A Florida couple is leading the charge on behalf of an estimated 100,000 homeowners whose insurance coverage was increased without their approval. By upping the coverage, the plaintiffs say, the insurance company was able to raise premiums, again without the consent of the policyholders.
The breach of contract claim goes back to state laws enacted in 2005 and 2006. In the aftermath of the 2005 hurricane season, lawmakers modified the lower limit of law and ordinance coverage that insurance companies had to provide to Florida homeowners insurance policyholders. According to the plaintiffs, the defendant insurance company may have deliberately misinterpreted the law in order to impose rate hikes without policyholders' permission.

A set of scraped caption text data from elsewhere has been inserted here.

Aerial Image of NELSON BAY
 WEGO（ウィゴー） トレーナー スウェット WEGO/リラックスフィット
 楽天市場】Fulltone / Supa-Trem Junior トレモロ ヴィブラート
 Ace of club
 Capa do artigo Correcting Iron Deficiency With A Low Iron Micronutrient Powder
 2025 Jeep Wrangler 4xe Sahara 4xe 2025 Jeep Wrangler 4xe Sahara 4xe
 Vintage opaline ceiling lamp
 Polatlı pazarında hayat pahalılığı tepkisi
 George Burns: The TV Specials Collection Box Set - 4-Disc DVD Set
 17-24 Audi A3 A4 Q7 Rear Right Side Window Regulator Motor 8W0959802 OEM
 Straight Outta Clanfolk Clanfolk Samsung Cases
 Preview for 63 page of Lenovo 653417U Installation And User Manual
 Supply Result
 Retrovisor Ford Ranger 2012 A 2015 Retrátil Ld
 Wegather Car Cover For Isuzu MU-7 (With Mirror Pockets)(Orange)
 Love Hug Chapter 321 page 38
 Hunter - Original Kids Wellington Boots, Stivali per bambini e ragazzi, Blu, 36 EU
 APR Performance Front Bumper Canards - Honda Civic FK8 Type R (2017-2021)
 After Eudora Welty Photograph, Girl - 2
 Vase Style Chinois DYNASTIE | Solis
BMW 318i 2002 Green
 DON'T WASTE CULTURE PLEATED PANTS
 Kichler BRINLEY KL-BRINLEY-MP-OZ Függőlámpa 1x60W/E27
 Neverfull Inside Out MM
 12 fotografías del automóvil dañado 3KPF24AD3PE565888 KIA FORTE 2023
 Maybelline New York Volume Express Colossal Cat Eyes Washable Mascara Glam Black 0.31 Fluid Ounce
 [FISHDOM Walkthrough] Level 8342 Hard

In 2005, the law was amended to require that insurers offer law and ordinance coverage for at least 50 percent of the overall coverage limit on the property. In 2006, another amendment was put in place, this time allowing policyholders to reject the coverage in writing; if, however, the policyholder did not reject the coverage, the policy would provide coverage at 25 percent.
This insurer then raised homeowners' coverage to the 50 percent level and increased their premiums to pay for the increase in risk. And, they did so without any written approval from the policyholders. The move was problematic for two reasons: First, the 50 percent coverage was not required by law, and, second, the insurance policy provides that policyholders must agree to any changes in coverage in writing.